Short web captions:
________________

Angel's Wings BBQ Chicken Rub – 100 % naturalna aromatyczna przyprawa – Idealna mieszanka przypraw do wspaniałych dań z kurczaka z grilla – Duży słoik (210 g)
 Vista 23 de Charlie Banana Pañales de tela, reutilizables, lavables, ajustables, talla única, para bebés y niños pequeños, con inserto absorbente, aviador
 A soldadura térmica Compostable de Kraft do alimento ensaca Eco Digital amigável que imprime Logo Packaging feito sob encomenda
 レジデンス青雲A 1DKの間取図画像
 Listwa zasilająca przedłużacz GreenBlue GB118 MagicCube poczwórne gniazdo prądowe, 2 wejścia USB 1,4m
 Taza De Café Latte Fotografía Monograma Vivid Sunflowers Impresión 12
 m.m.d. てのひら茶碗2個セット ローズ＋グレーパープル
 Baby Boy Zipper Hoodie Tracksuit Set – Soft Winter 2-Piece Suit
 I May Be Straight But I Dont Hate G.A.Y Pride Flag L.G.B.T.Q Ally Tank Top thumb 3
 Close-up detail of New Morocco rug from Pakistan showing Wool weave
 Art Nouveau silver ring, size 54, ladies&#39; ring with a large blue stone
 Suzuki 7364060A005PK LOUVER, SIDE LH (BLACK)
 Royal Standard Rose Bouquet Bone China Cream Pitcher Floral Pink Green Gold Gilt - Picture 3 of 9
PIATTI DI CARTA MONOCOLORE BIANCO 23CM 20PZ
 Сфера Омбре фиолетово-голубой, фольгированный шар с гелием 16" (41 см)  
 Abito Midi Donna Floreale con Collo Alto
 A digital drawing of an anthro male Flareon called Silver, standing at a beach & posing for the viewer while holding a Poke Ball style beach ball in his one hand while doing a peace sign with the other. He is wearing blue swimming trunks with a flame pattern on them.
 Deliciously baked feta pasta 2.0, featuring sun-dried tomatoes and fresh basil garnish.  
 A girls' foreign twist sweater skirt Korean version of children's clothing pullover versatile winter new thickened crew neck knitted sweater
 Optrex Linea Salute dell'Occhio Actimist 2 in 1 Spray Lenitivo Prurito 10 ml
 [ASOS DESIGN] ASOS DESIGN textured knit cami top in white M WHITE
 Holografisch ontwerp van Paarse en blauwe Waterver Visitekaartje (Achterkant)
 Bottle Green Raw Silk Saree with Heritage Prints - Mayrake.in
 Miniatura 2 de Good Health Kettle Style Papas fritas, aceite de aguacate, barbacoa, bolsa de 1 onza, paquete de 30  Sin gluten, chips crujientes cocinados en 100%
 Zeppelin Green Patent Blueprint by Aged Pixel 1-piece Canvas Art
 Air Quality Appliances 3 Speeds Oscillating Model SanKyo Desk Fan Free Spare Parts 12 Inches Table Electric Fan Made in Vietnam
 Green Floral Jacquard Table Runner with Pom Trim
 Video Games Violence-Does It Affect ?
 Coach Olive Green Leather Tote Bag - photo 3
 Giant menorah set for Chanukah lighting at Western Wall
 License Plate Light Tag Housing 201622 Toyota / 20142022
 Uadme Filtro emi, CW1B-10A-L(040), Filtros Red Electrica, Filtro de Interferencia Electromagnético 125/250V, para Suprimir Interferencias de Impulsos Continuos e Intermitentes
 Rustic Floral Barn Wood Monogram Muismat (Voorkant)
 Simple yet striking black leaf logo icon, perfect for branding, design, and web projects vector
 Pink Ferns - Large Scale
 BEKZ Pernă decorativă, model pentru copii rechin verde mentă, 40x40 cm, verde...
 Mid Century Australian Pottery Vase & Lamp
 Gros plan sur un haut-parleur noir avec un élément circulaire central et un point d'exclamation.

________________

### Brief
Exactly the lines running from the top of the records to the line that contains "Сфера Омбре фиолетово-голубой, фольгированный", inclusive, must be set down, and nothing more.

### Answer box
Angel's Wings BBQ Chicken Rub – 100 % naturalna aromatyczna przyprawa – Idealna mieszanka przypraw do wspaniałych dań z kurczaka z grilla – Duży słoik (210 g)
 Vista 23 de Charlie Banana Pañales de tela, reutilizables, lavables, ajustables, talla única, para bebés y niños pequeños, con inserto absorbente, aviador
 A soldadura térmica Compostable de Kraft do alimento ensaca Eco Digital amigável que imprime Logo Packaging feito sob encomenda
 レジデンス青雲A 1DKの間取図画像
 Listwa zasilająca przedłużacz GreenBlue GB118 MagicCube poczwórne gniazdo prądowe, 2 wejścia USB 1,4m
 Taza De Café Latte Fotografía Monograma Vivid Sunflowers Impresión 12
 m.m.d. てのひら茶碗2個セット ローズ＋グレーパープル
 Baby Boy Zipper Hoodie Tracksuit Set – Soft Winter 2-Piece Suit
 I May Be Straight But I Dont Hate G.A.Y Pride Flag L.G.B.T.Q Ally Tank Top thumb 3
 Close-up detail of New Morocco rug from Pakistan showing Wool weave
 Art Nouveau silver ring, size 54, ladies&#39; ring with a large blue stone
 Suzuki 7364060A005PK LOUVER, SIDE LH (BLACK)
 Royal Standard Rose Bouquet Bone China Cream Pitcher Floral Pink Green Gold Gilt - Picture 3 of 9
PIATTI DI CARTA MONOCOLORE BIANCO 23CM 20PZ
 Сфера Омбре фиолетово-голубой, фольгированный шар с гелием 16" (41 см)  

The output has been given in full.